**How to complete this task:** Pull out every line of the listing below where "Sealed" appears.

**Source material:**

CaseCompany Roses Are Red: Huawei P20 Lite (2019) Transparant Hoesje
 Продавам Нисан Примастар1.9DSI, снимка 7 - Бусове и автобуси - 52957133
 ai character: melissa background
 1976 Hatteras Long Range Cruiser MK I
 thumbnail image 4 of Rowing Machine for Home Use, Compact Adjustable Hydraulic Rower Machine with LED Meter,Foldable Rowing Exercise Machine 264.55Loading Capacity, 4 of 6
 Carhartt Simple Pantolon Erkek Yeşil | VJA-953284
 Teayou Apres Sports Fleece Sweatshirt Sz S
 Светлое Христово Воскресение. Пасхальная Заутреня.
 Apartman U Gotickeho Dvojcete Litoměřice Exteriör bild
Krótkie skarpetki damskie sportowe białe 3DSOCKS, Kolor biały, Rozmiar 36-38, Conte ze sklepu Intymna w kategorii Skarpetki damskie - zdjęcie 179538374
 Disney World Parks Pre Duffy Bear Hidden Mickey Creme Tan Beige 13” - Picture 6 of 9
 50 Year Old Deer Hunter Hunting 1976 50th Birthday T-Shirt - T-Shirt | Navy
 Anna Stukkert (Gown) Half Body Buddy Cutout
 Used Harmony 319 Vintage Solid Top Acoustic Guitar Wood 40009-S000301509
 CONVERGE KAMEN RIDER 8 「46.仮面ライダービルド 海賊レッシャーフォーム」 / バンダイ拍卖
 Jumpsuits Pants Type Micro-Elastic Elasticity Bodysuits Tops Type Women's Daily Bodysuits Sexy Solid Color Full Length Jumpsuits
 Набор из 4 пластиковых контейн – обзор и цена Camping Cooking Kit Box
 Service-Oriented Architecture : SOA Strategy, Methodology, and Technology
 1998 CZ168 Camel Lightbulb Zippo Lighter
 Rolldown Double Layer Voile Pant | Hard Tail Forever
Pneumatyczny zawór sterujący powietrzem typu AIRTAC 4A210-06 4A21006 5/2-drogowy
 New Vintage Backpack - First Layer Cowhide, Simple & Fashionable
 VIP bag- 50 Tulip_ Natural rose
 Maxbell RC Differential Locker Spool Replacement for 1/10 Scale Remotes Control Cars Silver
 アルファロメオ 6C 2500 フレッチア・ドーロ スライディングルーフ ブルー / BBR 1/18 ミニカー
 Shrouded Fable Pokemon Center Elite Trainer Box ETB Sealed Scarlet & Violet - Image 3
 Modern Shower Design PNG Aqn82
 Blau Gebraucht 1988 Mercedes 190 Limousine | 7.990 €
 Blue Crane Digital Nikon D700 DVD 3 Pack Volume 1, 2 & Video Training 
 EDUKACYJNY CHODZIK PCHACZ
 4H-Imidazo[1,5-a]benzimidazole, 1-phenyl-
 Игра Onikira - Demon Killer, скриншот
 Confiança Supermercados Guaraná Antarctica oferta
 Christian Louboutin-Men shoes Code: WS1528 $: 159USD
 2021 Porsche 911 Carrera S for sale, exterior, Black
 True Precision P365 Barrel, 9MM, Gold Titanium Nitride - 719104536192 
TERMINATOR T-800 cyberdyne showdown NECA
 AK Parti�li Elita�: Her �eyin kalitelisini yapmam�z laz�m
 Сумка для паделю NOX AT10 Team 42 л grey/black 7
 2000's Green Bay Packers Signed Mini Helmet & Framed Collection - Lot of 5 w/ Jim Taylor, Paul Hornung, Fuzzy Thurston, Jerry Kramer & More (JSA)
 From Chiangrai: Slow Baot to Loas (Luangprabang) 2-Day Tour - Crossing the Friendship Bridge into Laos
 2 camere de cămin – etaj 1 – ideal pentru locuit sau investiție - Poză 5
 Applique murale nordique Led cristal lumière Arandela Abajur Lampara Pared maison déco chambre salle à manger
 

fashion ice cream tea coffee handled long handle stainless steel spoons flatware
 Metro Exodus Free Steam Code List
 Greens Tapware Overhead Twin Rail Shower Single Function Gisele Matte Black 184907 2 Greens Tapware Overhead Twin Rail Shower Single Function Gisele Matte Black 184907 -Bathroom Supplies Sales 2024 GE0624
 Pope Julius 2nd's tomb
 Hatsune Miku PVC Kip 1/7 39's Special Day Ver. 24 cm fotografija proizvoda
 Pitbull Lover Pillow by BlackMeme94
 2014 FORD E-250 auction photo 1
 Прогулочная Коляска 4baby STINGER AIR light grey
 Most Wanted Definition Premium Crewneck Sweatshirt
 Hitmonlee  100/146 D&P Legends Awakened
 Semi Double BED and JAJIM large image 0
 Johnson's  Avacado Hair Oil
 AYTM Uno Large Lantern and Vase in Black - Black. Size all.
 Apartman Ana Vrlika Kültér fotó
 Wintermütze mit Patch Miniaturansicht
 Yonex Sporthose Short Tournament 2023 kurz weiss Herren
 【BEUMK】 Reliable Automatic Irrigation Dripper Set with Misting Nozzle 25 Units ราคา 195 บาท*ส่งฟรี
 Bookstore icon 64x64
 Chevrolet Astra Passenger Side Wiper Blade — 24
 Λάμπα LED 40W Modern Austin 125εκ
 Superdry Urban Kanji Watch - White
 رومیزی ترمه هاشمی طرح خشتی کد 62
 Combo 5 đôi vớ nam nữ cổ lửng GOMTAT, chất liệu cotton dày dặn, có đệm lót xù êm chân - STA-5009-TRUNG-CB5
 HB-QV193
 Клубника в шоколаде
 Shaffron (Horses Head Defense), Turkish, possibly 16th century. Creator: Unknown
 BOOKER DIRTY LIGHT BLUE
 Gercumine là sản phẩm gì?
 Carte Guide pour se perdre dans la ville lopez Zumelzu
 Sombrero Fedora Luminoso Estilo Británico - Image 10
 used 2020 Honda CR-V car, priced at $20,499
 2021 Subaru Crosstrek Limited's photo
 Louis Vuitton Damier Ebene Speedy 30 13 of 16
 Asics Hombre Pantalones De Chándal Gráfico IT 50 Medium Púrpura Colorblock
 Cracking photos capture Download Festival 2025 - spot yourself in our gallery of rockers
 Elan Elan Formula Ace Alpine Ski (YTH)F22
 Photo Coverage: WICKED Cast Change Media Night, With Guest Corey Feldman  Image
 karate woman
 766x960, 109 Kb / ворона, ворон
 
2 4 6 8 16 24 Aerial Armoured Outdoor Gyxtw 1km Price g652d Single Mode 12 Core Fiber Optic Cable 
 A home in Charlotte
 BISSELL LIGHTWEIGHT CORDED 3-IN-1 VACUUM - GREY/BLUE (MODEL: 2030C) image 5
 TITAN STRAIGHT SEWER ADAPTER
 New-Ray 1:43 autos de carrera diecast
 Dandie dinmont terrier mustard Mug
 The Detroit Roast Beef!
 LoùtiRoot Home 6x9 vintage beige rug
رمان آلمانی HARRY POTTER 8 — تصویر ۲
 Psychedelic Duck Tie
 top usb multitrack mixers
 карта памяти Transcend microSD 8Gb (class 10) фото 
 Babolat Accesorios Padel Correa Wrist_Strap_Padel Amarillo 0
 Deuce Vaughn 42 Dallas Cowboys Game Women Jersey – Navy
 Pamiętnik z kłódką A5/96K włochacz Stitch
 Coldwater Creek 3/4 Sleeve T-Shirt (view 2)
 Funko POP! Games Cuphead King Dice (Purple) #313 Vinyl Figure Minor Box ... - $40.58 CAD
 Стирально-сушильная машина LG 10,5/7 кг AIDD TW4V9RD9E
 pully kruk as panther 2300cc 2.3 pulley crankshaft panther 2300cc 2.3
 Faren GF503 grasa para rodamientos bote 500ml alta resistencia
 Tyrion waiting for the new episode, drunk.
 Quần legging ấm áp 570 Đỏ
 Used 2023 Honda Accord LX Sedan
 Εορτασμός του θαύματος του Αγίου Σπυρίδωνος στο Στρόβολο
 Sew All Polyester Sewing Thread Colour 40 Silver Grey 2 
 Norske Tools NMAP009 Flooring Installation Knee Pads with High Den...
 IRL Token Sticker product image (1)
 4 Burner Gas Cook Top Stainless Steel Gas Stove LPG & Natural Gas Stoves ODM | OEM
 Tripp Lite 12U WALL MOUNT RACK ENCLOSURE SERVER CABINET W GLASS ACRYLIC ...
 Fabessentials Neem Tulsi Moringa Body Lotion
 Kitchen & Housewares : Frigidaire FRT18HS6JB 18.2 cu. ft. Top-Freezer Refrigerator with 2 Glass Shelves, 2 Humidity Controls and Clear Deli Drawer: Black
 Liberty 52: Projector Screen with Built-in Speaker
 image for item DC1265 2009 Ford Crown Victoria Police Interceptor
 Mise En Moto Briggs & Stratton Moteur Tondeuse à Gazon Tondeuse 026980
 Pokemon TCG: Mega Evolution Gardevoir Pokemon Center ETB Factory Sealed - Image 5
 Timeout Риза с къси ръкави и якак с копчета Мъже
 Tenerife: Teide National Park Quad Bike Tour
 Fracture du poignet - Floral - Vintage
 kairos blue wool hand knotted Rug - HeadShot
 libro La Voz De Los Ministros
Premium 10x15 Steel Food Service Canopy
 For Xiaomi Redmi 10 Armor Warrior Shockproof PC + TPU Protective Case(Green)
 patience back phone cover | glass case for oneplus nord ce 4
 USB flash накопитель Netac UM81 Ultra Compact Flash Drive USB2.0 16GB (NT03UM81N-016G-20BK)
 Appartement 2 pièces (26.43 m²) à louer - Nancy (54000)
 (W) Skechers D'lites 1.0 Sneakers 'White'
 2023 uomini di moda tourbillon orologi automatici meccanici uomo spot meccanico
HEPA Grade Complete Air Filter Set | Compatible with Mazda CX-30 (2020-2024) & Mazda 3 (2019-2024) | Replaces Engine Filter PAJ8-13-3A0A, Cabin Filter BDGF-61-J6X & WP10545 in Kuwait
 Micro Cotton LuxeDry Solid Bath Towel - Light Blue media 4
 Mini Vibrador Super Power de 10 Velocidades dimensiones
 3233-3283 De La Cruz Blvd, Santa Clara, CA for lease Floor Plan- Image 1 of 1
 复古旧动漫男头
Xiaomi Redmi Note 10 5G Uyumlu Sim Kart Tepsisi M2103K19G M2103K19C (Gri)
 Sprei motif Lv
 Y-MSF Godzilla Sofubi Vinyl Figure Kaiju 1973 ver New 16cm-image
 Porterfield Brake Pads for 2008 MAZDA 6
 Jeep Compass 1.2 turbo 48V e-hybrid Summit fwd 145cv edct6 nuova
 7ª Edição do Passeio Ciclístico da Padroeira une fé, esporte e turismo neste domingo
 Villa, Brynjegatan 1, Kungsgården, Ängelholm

**Final answer:**
 Shrouded Fable Pokemon Center Elite Trainer Box ETB Sealed Scarlet & Violet - Image 3
 Pokemon TCG: Mega Evolution Gardevoir Pokemon Center ETB Factory Sealed - Image 5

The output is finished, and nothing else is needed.